Chime....What you said is just brilliant!!!!
I have to say the thing that drew me in was the eternal families thing. My dad and mom got divorced when I was 13. Eventually my dad got sole custody of me (which was good for me), but I still wanted to be w/ my mom's family (because they are awesome). The eternal family doctrine SEEMED to solve this problem. Only [years] after I joined, was I told that I would still have to chose [who to be sealed to- my dad's family or my mom's]. This broke my heart. I mourned it for some time. I was married to my husband. Here's what wasn't consistent though: my husband's parents were also divorced (not temple divorced) and he could be still sealed to them (b/c he was BIC). That's probably when I started to see they whole thing was just a farce.
There's other things too: the social togetherness/ belonging that is really nice. The love and acceptance that is given (what seems) relatively easily (as long as you conform w/ what they want). Also the strong moral standards can also be appealing.
BlueCodeRed - in reply to your comment in your last paragraph (and here I cannot generalize, only speak from personal experience in my sojourn as a member at the time) yes, the social togetherness/belonging really is nice, and a nice idea too....
HOWEVER it really depended a lot on whether you were part of the "click" and particularly so if you were related to some "high up/top position" members. In some instances there are even "families" that rule the roost and life was pretty cool being in that situation. Even the problem kids in those families got away with ...ok, not murder...but you get my meaning.

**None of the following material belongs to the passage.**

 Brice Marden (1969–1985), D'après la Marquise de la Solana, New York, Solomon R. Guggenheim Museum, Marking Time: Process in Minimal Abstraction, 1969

The idea of "one big happy family" as members is commendable but does't always pan out like that - I saw many, many members who were rarely included in get togethers except for when general invitations went out. There were also many people who came to church Sunday after Sunday and left without someone as much as asking them how they were (probably out of fear they might just be landed with a problem)

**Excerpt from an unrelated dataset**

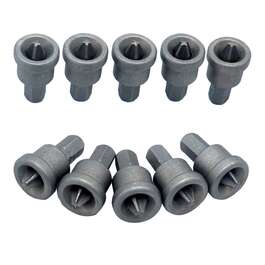 DRYWALL SCREW DE ADAPTERITE KOMPLEKT PH2 10TK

So that concept is a great one in any organization, in practicality it is not the rule.
As for love and acceptance, you hit the nail on the head when you included 'as long as you conform w/ what they want' (probably because fratenizing with the sinner is not good for one's image?)
I do go with the strong moral standards as being appealing.....gave one a sense of "one upmanship"
As I was saying, this is not generalizing, Country to country is probably different just as Ward to Ward can be.
Absolutely agree w/ what you said... I know that when I lived in Utah, I felt more of those clicks. If you weren't a live long member then you weren't as highly favored as lifers (which annoyed me).
The idea of one big family was a farce... I lamented in when I was Mormon about my family [that I was born into] wasn't sealed to me. I had to exclude them from the temple ceremony which I didn't want to do. If I knew then what I know now I wouldn't have gotten sealed in the temple and had my dad walk me down the aisle, but oh well... it's too late now.
I have to agree, the whole 'time and all eternity' thing can be more like a life sentence than a glorious comfort. I think its a big farce too.
My dad is a non-member and my mom is a diehard member who has lamented for years the horror of us not being sealed to them.
I think issues like this contribute to the overall emotional intensity of the morg which so many people buy into. My mom and sisters eat up the emotional roller coaster. Once I got off the emotional roller coaster I decided I liked living a more stable existence much better.
I was sealed to my ex-husband, even though he was lying his way through everything. Once we got divorced and remarried my DH, I sent a letter to the Brethern asking for a temple divorce. They responded saying they needed to interview both my ex-husband and myself, they needed proof of our financial standing, etc. I was pissed off! What a joke! I solved the problem by having my name removed from the records of the church. My family was HORRIFIED, but it worked! I am no longer 'sealed' to my ex husband!! Or a member of that nightmare cult! WOOHOO!!